LinuxLists.cc - NFS stop/start problems (related to datagram shutdown bug?)

2001-02-05 22:37:13

Subject: NFS stop/start problems (related to datagram shutdown bug?)

Seems recently, on both redhat 6.1 and 7.0 using kernel 2.4.1-ac3, I
ran into this problem:

Stopping NFS says the following in the kernel logs:

nfsd: terminating on signal 9
nfsd: terminating on signal 9
nfsd: terminating on signal 9
nfsd: terminating on signal 9
nfsd: terminating on signal 9
nfsd: terminating on signal 9
nfsd: terminating on signal 9
nfsd: terminating on signal 9
svc: server socket destroy delayed

And restarting NFS has the following error message:

root:~> /etc/rc.d/init.d/nfs start
Starting NFS services: [ OK ]
Starting NFS quotas: [ OK ]
Starting NFS mountd: [ OK ]
Starting NFS daemon: nfssvc: Address already in use
[FAILED]

>From that moment forward, the NFS server is completely broken until the system
is rebooted, and other machines respond during a 'mount' by saying,

nfs: server xxx not responding, still trying

When I tried this, the remote computer had unmounted this NFS-served partition
prior to shutting NFS down with '/etc/rc.d/init.d/nfs stop'. I was wondering if
this could be related to that datagram shutdown bug, and maybe if there's a
quick solution in the meantime to kill the socket so that I can restart NFS
without rebooting.

Thanks,
Byron

--
Byron Stanoszek Ph: (330) 644-3059
Systems Programmer Fax: (330) 644-8110
Commercial Timesharing Inc. Email: [email protected]

2001-02-05 22:42:13

by Alan

[permalink] [raw]

Subject: Re: NFS stop/start problems (related to datagram shutdown bug?)

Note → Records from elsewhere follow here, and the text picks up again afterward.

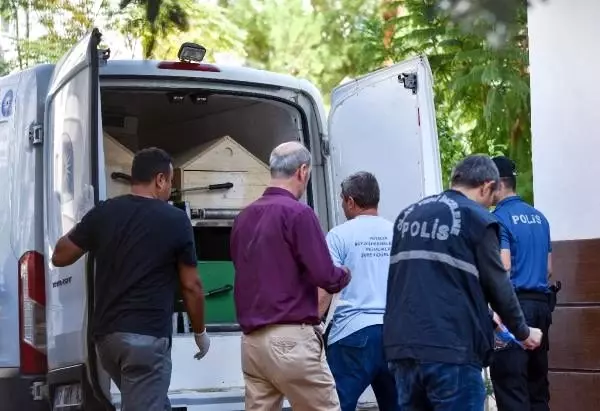 Antalya'da 4 kişilik aile ölü bulundu; siyanür bulgusuna rastlandı (4) Antalya'da 4 kişilik aile ölü bulundu; siyanür bulgusuna rastlandı (4)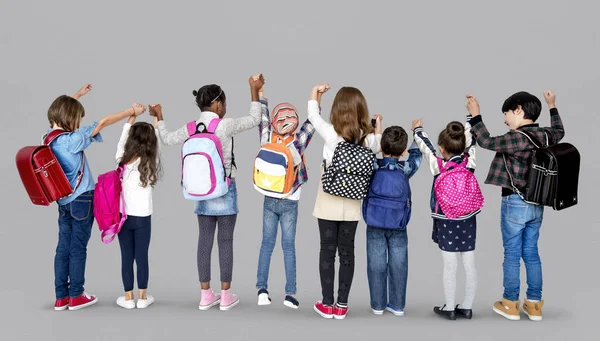 Bambini di scuola in piedi in fila — Foto Stock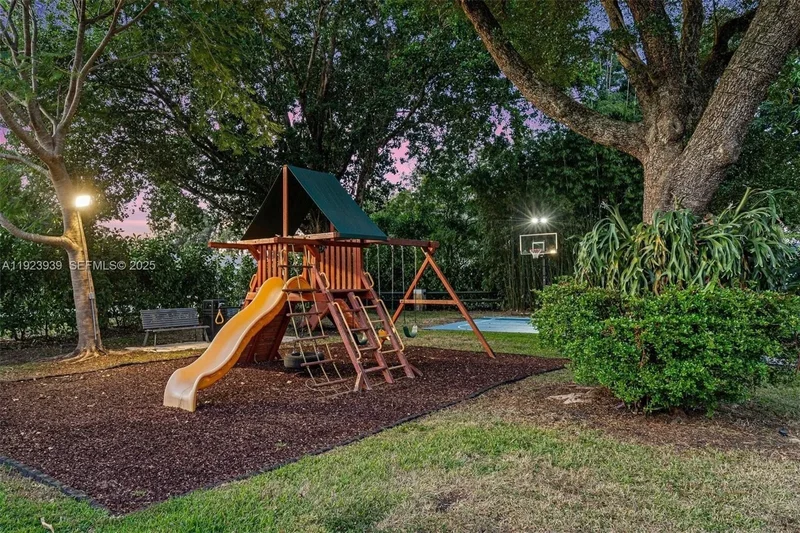 11155 SW 40th St, Davie, FL, 33328, USA, Davie, Florida, United States. - Photo 38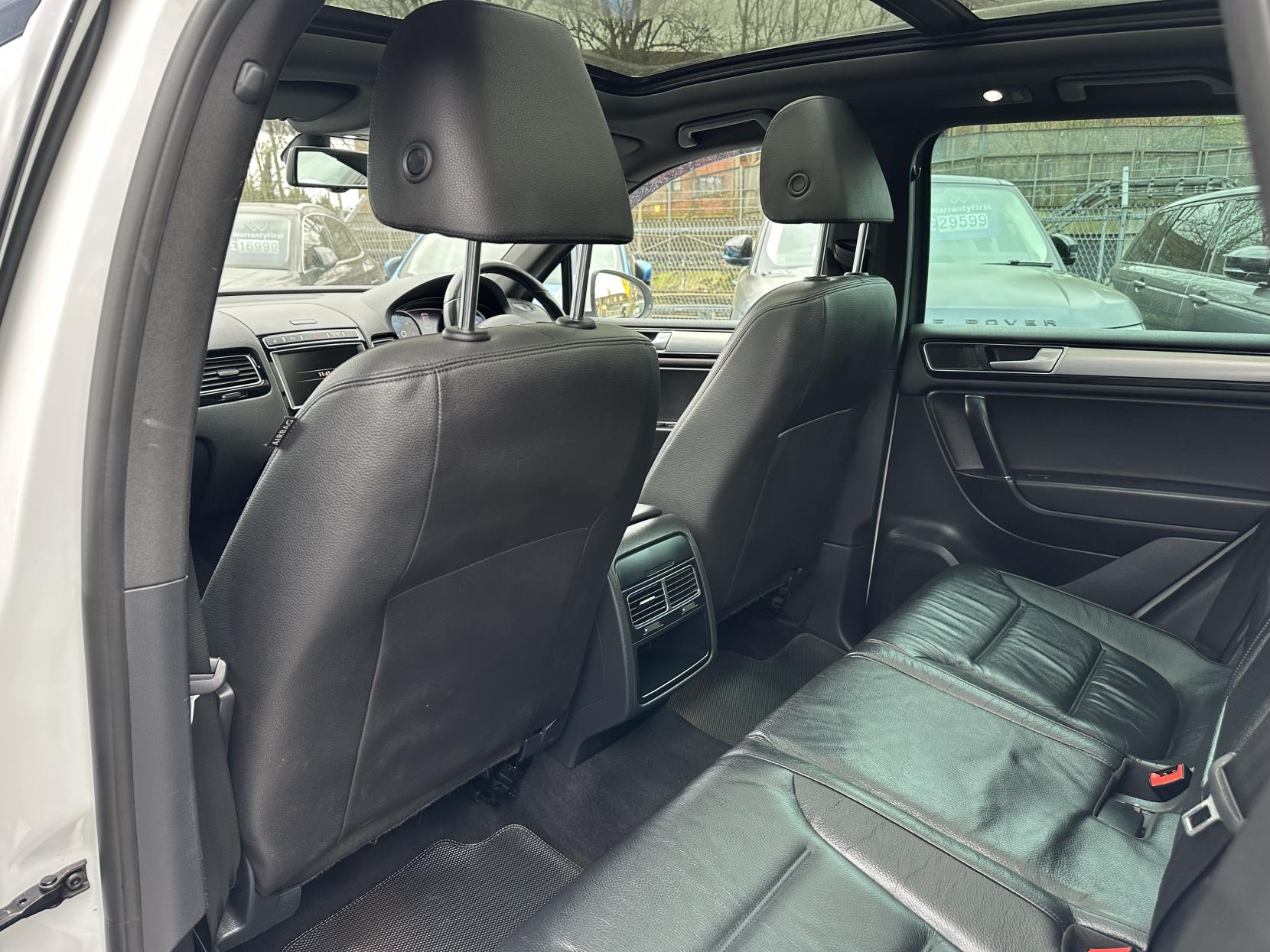 Volkswagen Touareg 3.0 TDI V6 BlueMotion Tech R-Line SUV 5dr Diesel Tiptronic 4WD Euro 6 (s/s) (262 ps)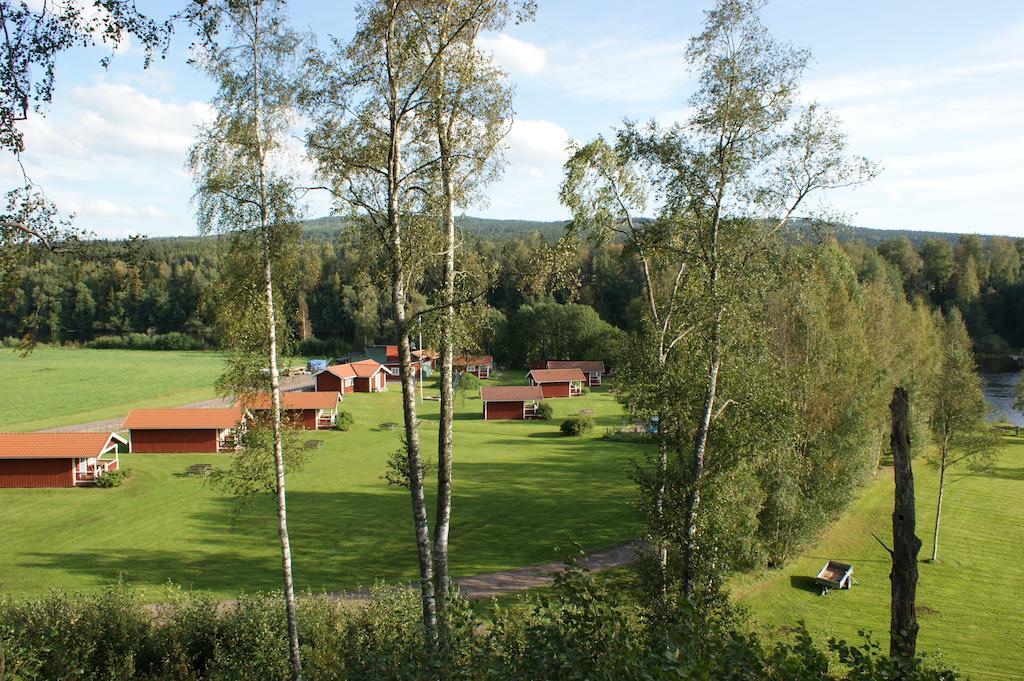 Ratt O Roder Stugby & Konferens Villa Djuras Екстериор снимка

> Seems recently, on both redhat 6.1 and 7.0 using kernel 2.4.1-ac3, I
> ran into this problem:

Ok seen this in older 2.2 but not 2.4

> nfsd: terminating on signal 9
> svc: server socket destroy delayed
>
> And restarting NFS has the following error message:
> Starting NFS mountd: [ OK ]
> Starting NFS daemon: nfssvc: Address already in use
> [FAILED]

A socket got stuck. Thats preventing you restarting it. The bug is whatever
leak caused the svc: server socket destroy delayed case.

Just for reference what network card ?

2001-02-05 22:49:44

by Byron Stanoszek

[permalink] [raw]

Subject: Re: NFS stop/start problems (related to datagram shutdown bug?)

On Mon, 5 Feb 2001, Alan Cox wrote:

> > Seems recently, on both redhat 6.1 and 7.0 using kernel 2.4.1-ac3, I
> > ran into this problem:
>
> Ok seen this in older 2.2 but not 2.4
>
> > nfsd: terminating on signal 9
> > svc: server socket destroy delayed
> >
> > And restarting NFS has the following error message:
> > Starting NFS mountd: [ OK ]
> > Starting NFS daemon: nfssvc: Address already in use
> > [FAILED]
>
> A socket got stuck. Thats preventing you restarting it. The bug is whatever
> leak caused the svc: server socket destroy delayed case.
>
> Just for reference what network card ?

Both machines had a 3c905b-tx-nm card in them.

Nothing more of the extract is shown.